Nearly four months after departing the continent in Spanish custody, Ben was back in Africa for reasons that remained a closely held secret.

Chapter 25

THE BIG ONE

On Sunday morning, June 27, Ben and the other 93rd men awoke to the strains of “the best bugler any of us ever heard,” as one diarist wrote.1 Sand and dust whipped off the Sahara as the men arrived at La Sénia airfield and loaded their aircraft. At 9:30 a.m., the lead elements of the 328th Squadron rose into the blue Mediterranean sky. They formed up at three thousand feet, turned east into the morning sun, and began climbing.

Beyond the battlefields of Tunisia, where the remnants of Rommel’s shattered army had surrendered on May 13, the 93rd bombers retraced the long route of the Axis retreat across North Africa. Off to their left, Allied convoys plied the shimmering blue waters of the Mediterranean. To their right loomed the vastness of the Sahara Desert. They crossed into Libyan airspace and passed the city of Tripoli. In the late afternoon, the lead aircraft began their descent into a desert airstrip outside Benghazi, a battered former Italian colonial outpost that had changed hands five times since February 1941.
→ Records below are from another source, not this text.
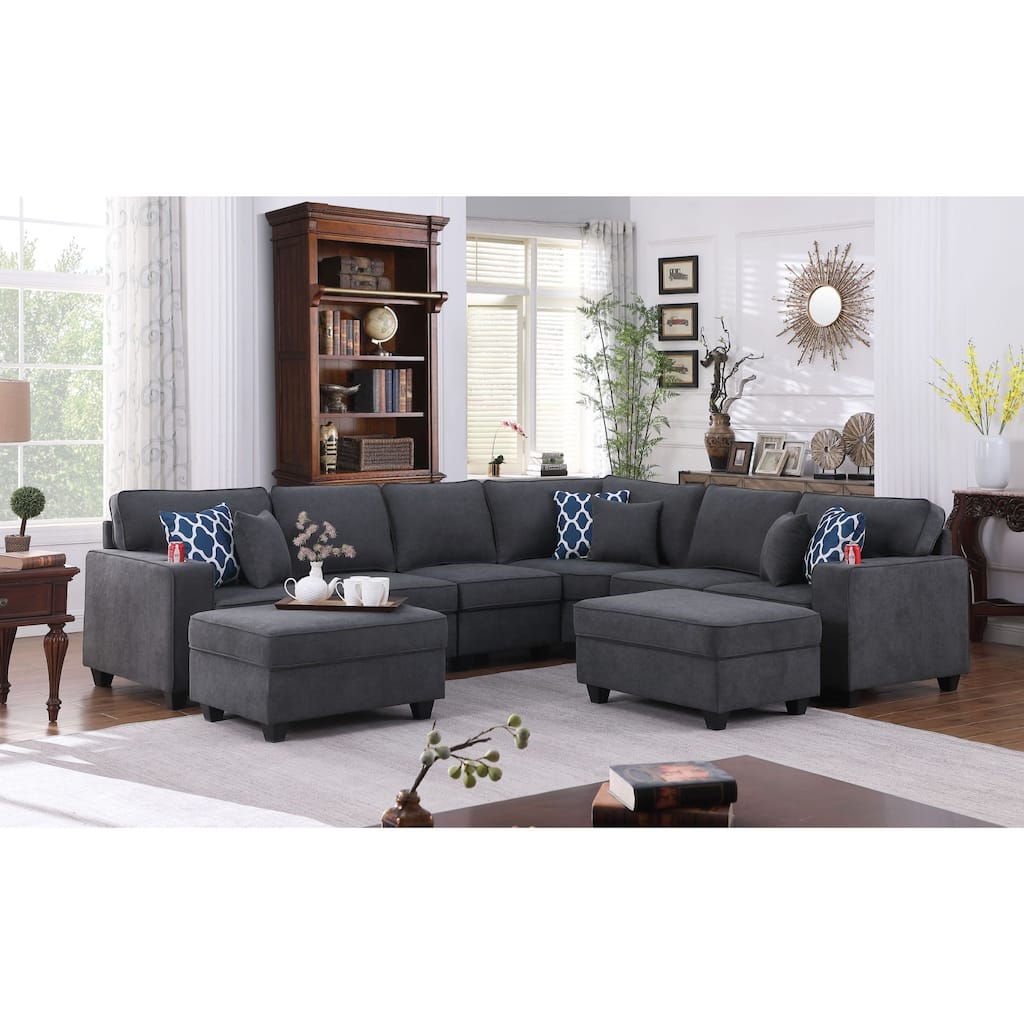 8 Piece L-Shape Sectional Sofa with 2 Ottomans in Stone Gray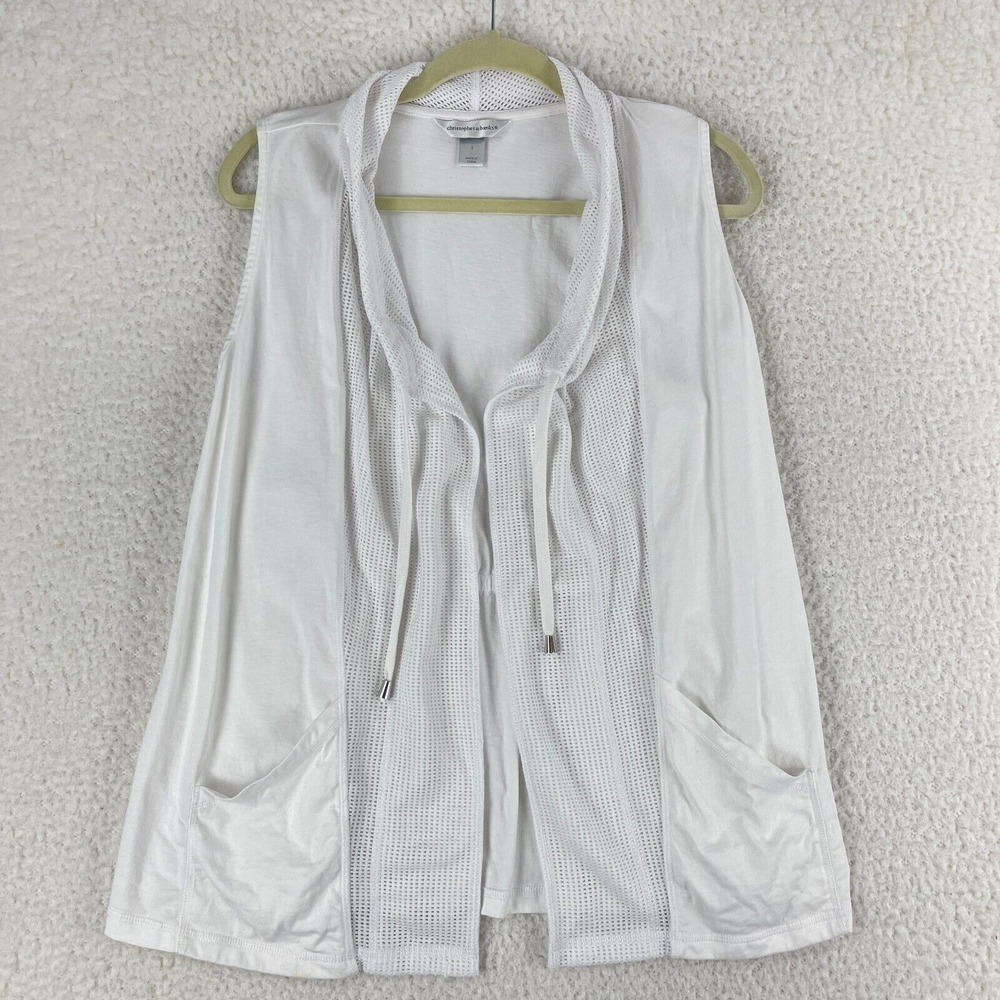 Christopher & Banks White‎ Open Front Cardigan Womens Sleeveless Size Small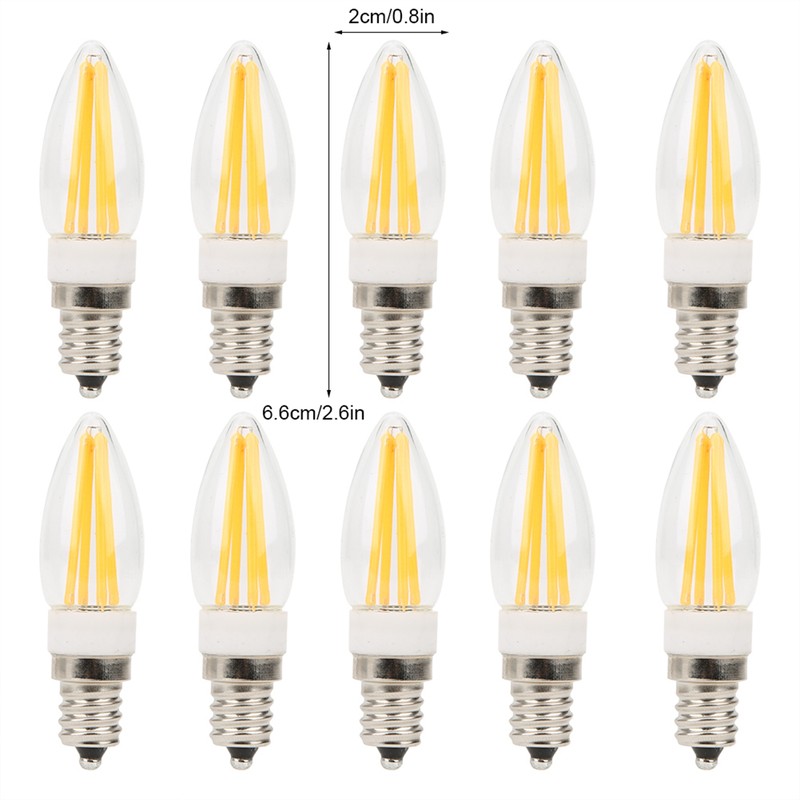 10Pcs E12 Long Filament Light Bulbs 3W AC110V Chandelier Ceiling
The 93rd had been assigned to a field designated Site Number 7, in a stretch of flat desert eighteen miles south of the city, near the Mediterranean coast. Ben and his comrades stepped into stifling heat and choking dust. Their welcoming committee included sun-bronzed British troops, wearing pith helmets and khaki shorts, and swarms of desert locusts. “It didn’t look any too pleasant to us,” one 93rd gunner wrote.2

Ben and the dwindling fraternity of 93rd veterans had seen it all before during their time at Gambut Main.

Trucks arrived and the men climbed aboard with their sleeping bags and gear and were driven a short distance to their new campsite, which consisted of two Nissen huts and a tent. The men retrieved their mess kits from their packs and lined up for their first meal at their al fresco mess hall. Flies descended as the men shoveled down Spam speckled with grains of desert sand.

After dinner, the men were issued cots and tents and set to work making camp. They were like a rowdy bunch of teenagers on a campout, hooting at those among them who struggled to secure their tents in the stiff breeze. Some of the men who had gotten their tents squared away commandeered a truck and drove to a nearby beach for a twilight swim. Nightfall brought a cool breeze, and the weary crews collapsed onto their cots for their first night in the Libyan desert.

As Ben and his comrades would discover in the days ahead, the low-level raid that had been the subject of so much speculation wouldn’t be their first order of business.

 

ON THE FIRST MORNING IN THEIR DESERT bivouac, the men of the 93rd awakened to the warble of desert larks exulting in the cool morning air. After a breakfast of oatmeal, powdered scrambled eggs, and coffee, the crews were trucked to their planes to unload gear and supplies. By the time they returned to camp at midmorning, a sandstorm blotted out the blazing sun.